Но отразить атаку было уже нельзя. Флибустьеры, теряя опору под ногами, принялись — с ружьями за плечами и короткими саблями в руках — карабкаться на галеон. Цепляясь за орудийные порты, за якорные цепи, за снасти, двести восемьдесят пять флибустьеров и трое авантюристов в мгновение ока забрались на палубу неприятельского парусника, в то время как их продырявленные шлюпки исчезли в океанских водах.
И сейчас же послышались выстрелы. Вахтенные галеона наконец-то поняли, что их атакуют — к сожалению, слишком поздно. Однако они мужественно вступили в сражение, отступив к носовой надстройке, на которой находились две пушки.
Равено де Люсан быстро оценил, откуда грозит опасность, и послал своих людей к этому месту.
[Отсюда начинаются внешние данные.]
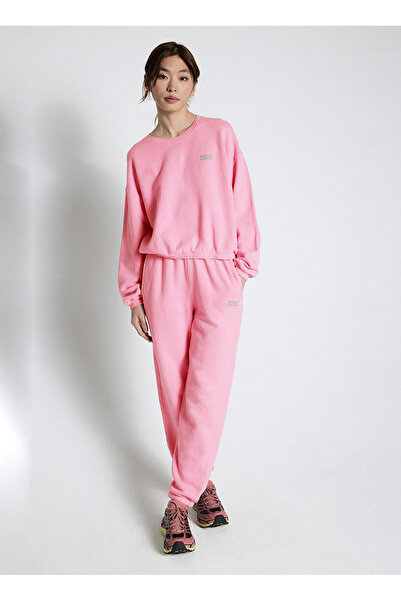 American Vintage Kırmızı Kadın Oversize T-Shirt GAMI02DE25_FRAISE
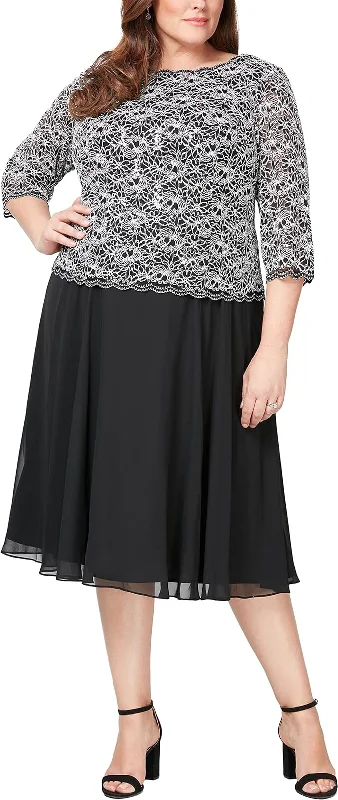 Amazing Deals Alex Evenings 84122529 Short Mother of the Bride Dress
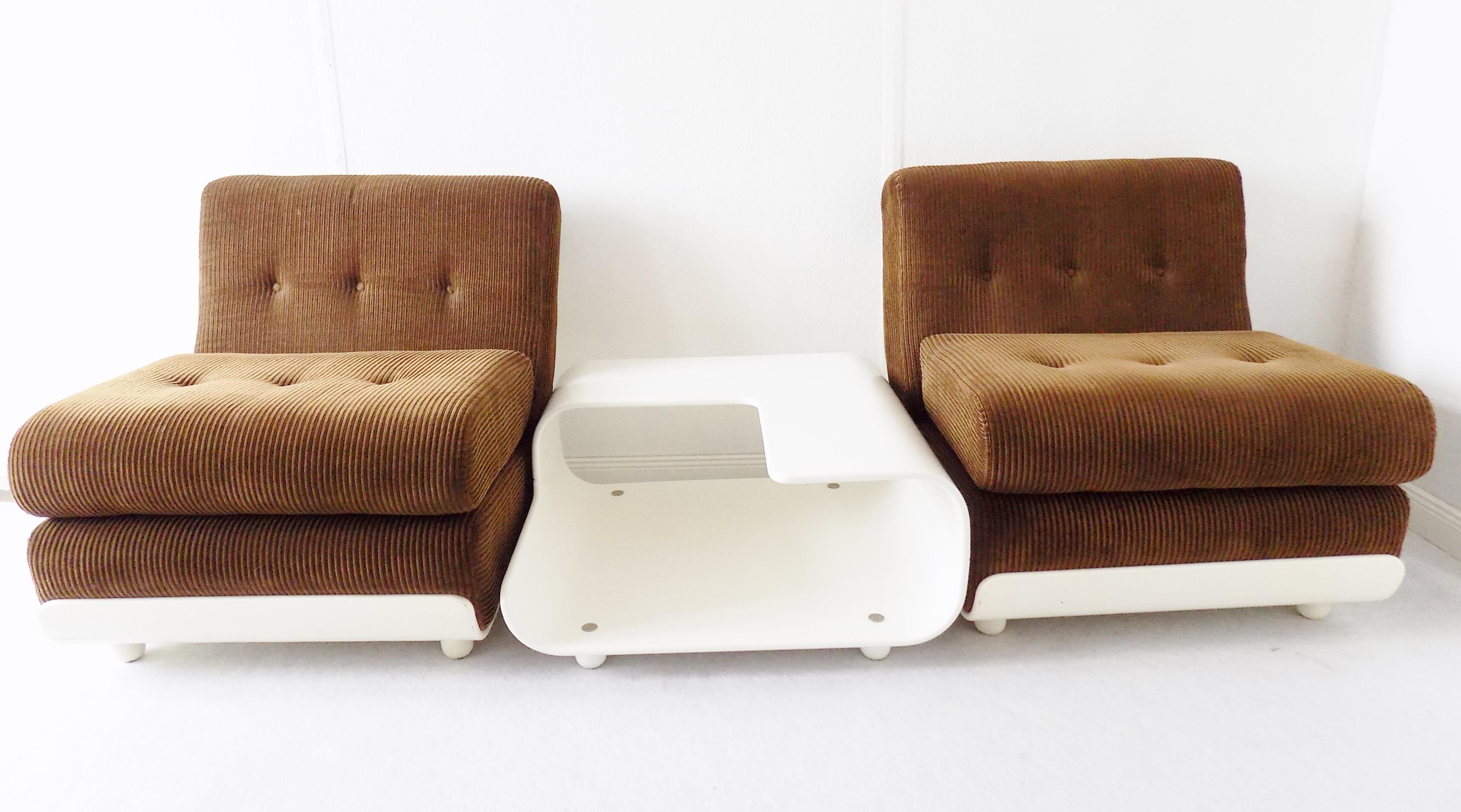 Italian Lounge Chair Set in the Style of Mario Bellini C&B Italia, Midcentury For Sale 10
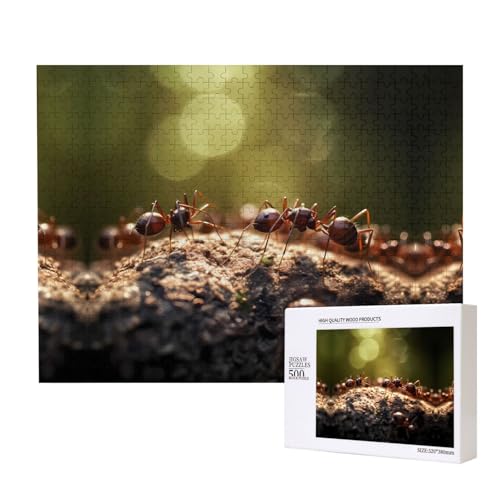 Phayah The Ant Gathering Puzzle für Erwachsene, 500 Teile, Heimdekoration, Geburtstagsparty für Männer und Frauen, 50 x 38 cm Phayah The Ant Gathering Puzzle für Erwachsene, 500 Teile, Heimdekoration, Geburtstagsparty für Männer und Frauen, 50 x 38 cm von PHAYAH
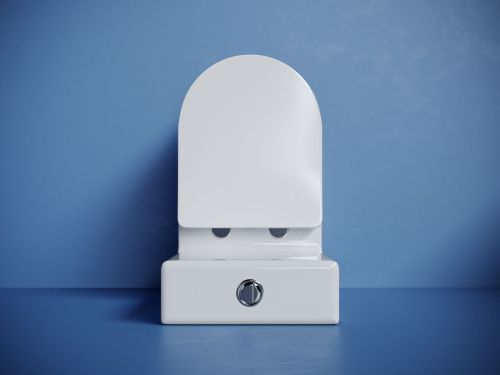 Унитаз напольный с бачком Ceramica Nova METROPOL CN4001T белый с сиденьем микролифт безободковый смыв торнадо - фото 4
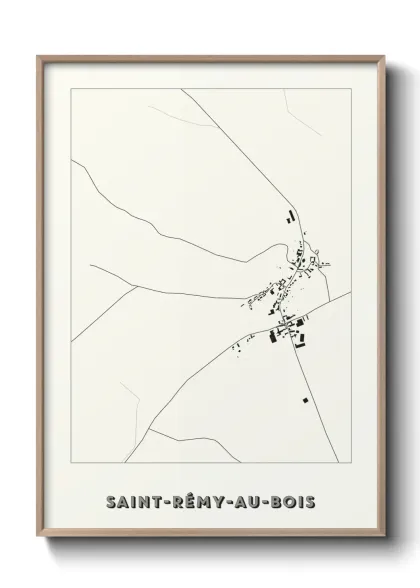 Une affiche de carte sur Saint-Rémy-au-Bois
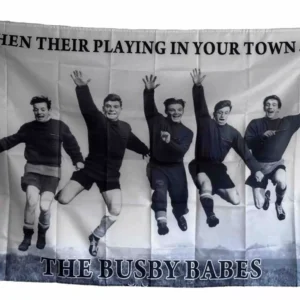 The Famous Bouncing Busby Babes Flag - 5x3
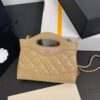 Replica Chanel 24C 31 Mini Shopping Bag Chain Clutch Shiny Lambskin & Gold-Tone Metal AS3656 Light Green 2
В то же время Буттафуоко во главе тридцати флибустьеров очистил плотным огнем кормовую надстройку, также оснащенную крупнокалиберными пушками.
Не стоит и говорить, что гасконец и баск были в первых рядах сражающихся, всегда готовые пустить в ход свои страшные клинки.
Тем временем батарейцы, полагая, что оказались перед несколькими кораблями, разрядили разом тридцать шесть пушек галеона, но не достигли иного результата, кроме ужасного грохота, от которого в клочья разлетелись все стекла в кормовых иллюминаторах.